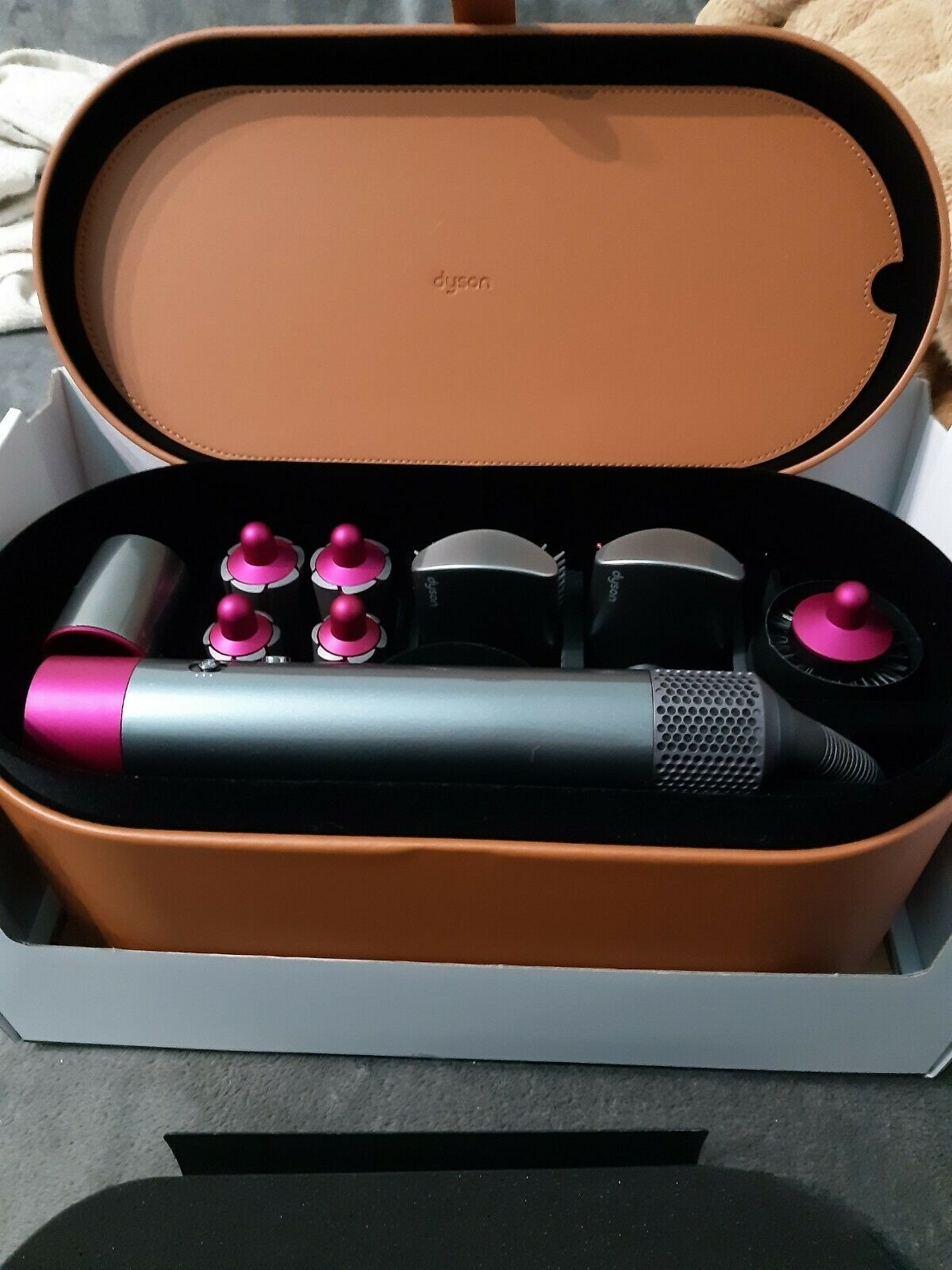 Dyson airwrap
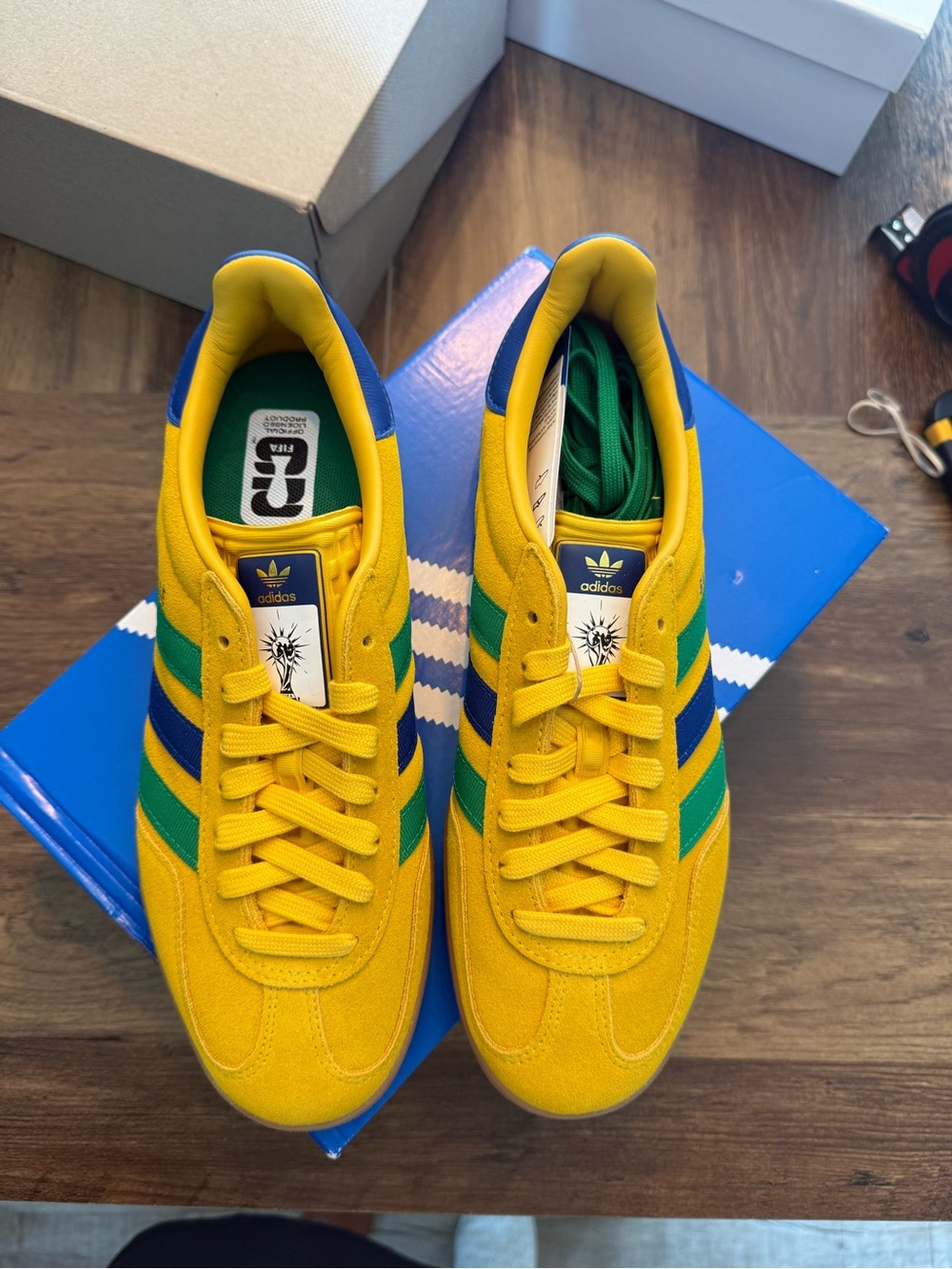 9.5 W adidas Men 8.5 Gazelles Sneakers in Yellow with Green & Blue Accents FIFA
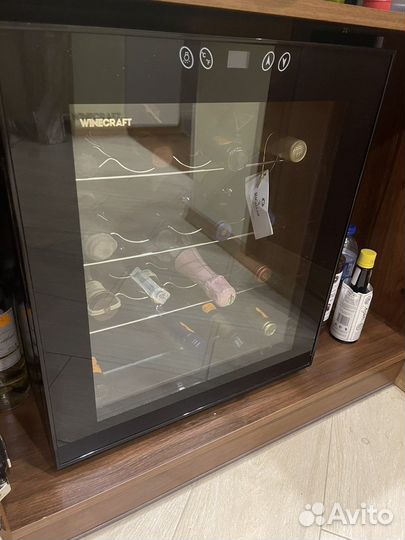 Винный холодильник шкаф
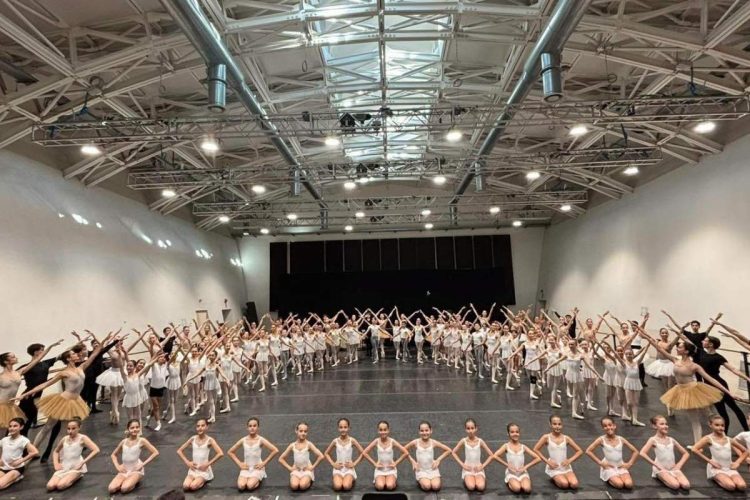 Teatro San Carlo di Napoli, successo per lo spettacolo di fine anno della scuola di ballo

============================================================

# [The problem]
When you transcribe the lines above, keep every word exact but leave the pictures behind.

# [Written answer]
 Dyson airwrap
 9.5 W adidas Men 8.5 Gazelles Sneakers in Yellow with Green & Blue Accents FIFA
 Винный холодильник шкаф
 Teatro San Carlo di Napoli, successo per lo spettacolo di fine anno della scuola di ballo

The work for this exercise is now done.